El debate de los últimos días gira en torno al expresidente, exsenador, conocido como el innombrable Y apodado con el alias del Matarife. Les hablo del REO # 10879885, quien es un caudillo político, con devotos y feligreses que lo adoran y defienden a muerte, no porque sea inocente; más bien, demostrando su casta fidedigna al patrón. Ellos que salen en sus camionetas de último modelo, en caravanas gritando a todo pulmón: “liberen a Barrabás”, saben mejor que nadie, que el reo se enfrenta a un proceso judicial, por manipulación de testigos, no a una persecución política como dicen.

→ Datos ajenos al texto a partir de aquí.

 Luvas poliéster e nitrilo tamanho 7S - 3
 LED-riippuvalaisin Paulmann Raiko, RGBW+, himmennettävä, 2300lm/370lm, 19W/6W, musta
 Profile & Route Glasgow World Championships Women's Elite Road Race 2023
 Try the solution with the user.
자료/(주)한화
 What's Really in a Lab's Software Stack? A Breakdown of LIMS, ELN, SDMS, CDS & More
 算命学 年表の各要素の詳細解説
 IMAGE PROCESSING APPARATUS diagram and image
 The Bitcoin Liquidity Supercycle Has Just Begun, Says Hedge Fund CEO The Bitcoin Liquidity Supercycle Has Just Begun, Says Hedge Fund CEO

Lo curioso es las similitudes que hay en los dos casos, la forma tan ferviente de burlar la ley, de comprar y sobornar al que sea, al precio que sea. La mayoría de personas que han intentado testificar en contra del REO # 10879885, están muertas. Los miles de procesos por los que es sindicado, reposan en unos archivadores que solo el polvo visita. Lo irrisorio de todo esto es la forma como se empezó a derrumbar el emporio de Capone, con el caso que tal vez era menos irrelevante para su largo historial de crimen, una demanda por evasión de impuestos; aquí empezamos a ver las matices del Al Capone colombiano, quien tras sus espaldas lleva el peso de todos los procesos que lo sindican de cosas muy graves, pero él, es procesado y detenido preventivamente por un invento que le salió mal, ese invento lo tiene hoy a las puerta de una sentencia por algo muy distinto a su largo expediente.
Quizás estemos a punto de presenciar la caída de un personaje oscuro. Amanecerá y veremos qué pasa con el desenlace de este capítulo, que tiene pinta de ser el fin de una historia de terror.